# Supported Formulas

Arcwise allows you to use almost all formulas on arbitrarily large data. Formulas can be used directly on Arcwise connected data: [Adding Columns](/using-arcwise-in-sheets/arcwise-connected-data/adding-columns.md). Formulas can also be used in your Google Sheet.

{% hint style="info" %}
To refer to other columns in formulas you can either use the name of the column (e.g. `ship_date`) or spreadsheet-style `A:A`, `B:B` notation. Clicking on columns while the formula editor is open will automatically insert a reference to the column in the editor.
{% endhint %}

Examples formulas:

* `MONTH(created_date)` will extract the month from a date column
* `MID(name, FIND(" ", name), LEN(name))` would extract the last name from a string column containing full names (e.g. "Firstname Lastname")
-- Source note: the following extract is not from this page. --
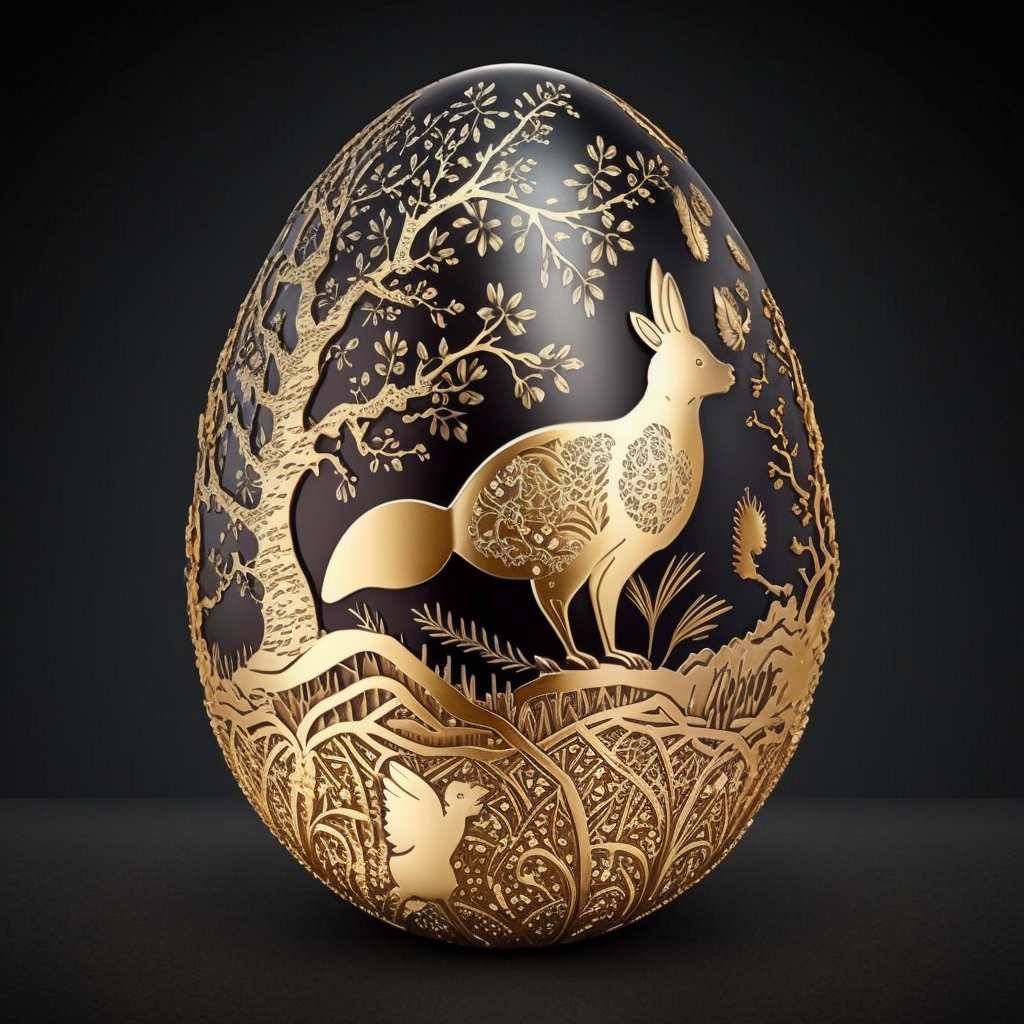 AI Midjourney Prompt for Luxurious Easter Egg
## Column Formulas and Operators

A limited subset of spreadsheet functions are supported in formula fields. These will be automatically translated to their SQL equivalent. Standard arithmetic operators are also supported (+, -, /, \*, ^).

**Logical functions**

* `AND(x, y)`
* `IF(logical_expression, value_if_true, value_if_false)`
* `IFNA(value, value_if_na)`
  * NOTE: this actually checks against `NULL` values in the database
  * **Warning: IFERROR is not currently supported. For the common 'catching division by zero errors' use case, you can instead use:** `DIV0(a, b)` in Snowflake and `SAFE_DIVIDE(a, b)` in BigQuery, which will result in a NULL (empty) value instead of an error.
* `NOT(x)`
* `OR(x, y)`

**String functions**

* `DATEVALUE(string)`
* `FIND(needle, haystack, [starting_position = 1])`
* `LEFT(string, number_of_characters)`
* `LEN(string)`
* `LOWER(string)`
* `INT(string)`
  * Converts a string to an integer (rounding to the nearest integer)
* `MID(string, starting_at, extract_length)`
* `REGEXEXTRACT(text, regular_expression)`
  * NOTE: The REGEXEXTRACT function of Google Sheets will populate multiplle columns with multiple match groups. Our implementation will always return the entire matching part of the subject. Different warehouse types (Snowflake, Bigquery, PostgreSQL) have each their own implementations of REGEX. When writing REGEX, expect the specific behavior from the warehouse that your data is connected to, as we execute your REGEX without any processing on that data warehouse.&#x20;
* `RIGHT(string, number_of_characters)`
* `TRIM(string)`
* `UPPER(string)`
* String concatenation - both `&` and `CONCATENATE(string1, [string2, ...])`

**Numerical functions**

* `INT(value)`
* `MAX(value1, [value2, ...])`
* `MIN(value1, [value2, ...])`
* `RAND()`
* `RANDBETWEEN(low, high)`
* `ROUND(value, [places])`
* `ROUNDDOWN(value, [places])`
* `ROUNDUP(value, [places])`
* `VALUE(val)`
  * Converts a value (typically a string) into a numeric value.
* **Standard math functions:** ABS, ACOS, ASIN, ATAN, COS, COT, DEGREES, EXP, FLOOR, LN, LOG, LOG10, MOD, PI, POWER, RADIANS, SIGN, SIN, SQRT, TAN

**Date functions**

* `DATEDIF(date1, date2)`
* `DATEVALUE(string)`
* `DAY(date)`
* `EOMONTH(date)`
* `EDATE(date, number_of_months)`
* `MONTH(date)`
* `WEEKDAY(date)`
* `WEEKNUM(date)`
* `YEAR(date)`

#### Advanced usage: Rolling/window functions

It may be helpful to skip straight to the examples (see below.)

* `ROLLINGSUM(value)`
  * Calculates the rolling sum of a value or column (requires a sort order to be added in the tab as well.)
* `ROLLINGSUMBY(value, group_column1, [group_column2, ...])`
  * Calculates the rolling sum of a column over all rows with the same group\_column1, group\_column2, etc.
* `ROLLINGMIN(value)` & `ROLLINGMINBY(value, group...)`
  * Calcululates the rolling **min** of a column (same syntax as above)
* `ROLLINGMAX(value)` & `ROLLINGMAXBY(value, group, ...)`
  * Calcululates the rolling **max** of a column (same syntax as above)
* `FILLDOWN(value)` & `FILLDOWNBY(value, group, ...)`
  * "Fills down" non-empty / non-NULL values in a column downwards. In other words, if the `value` argument is currently NULL or empty, then we will instead take the previous non-empty value of the same grouping (if one exists.)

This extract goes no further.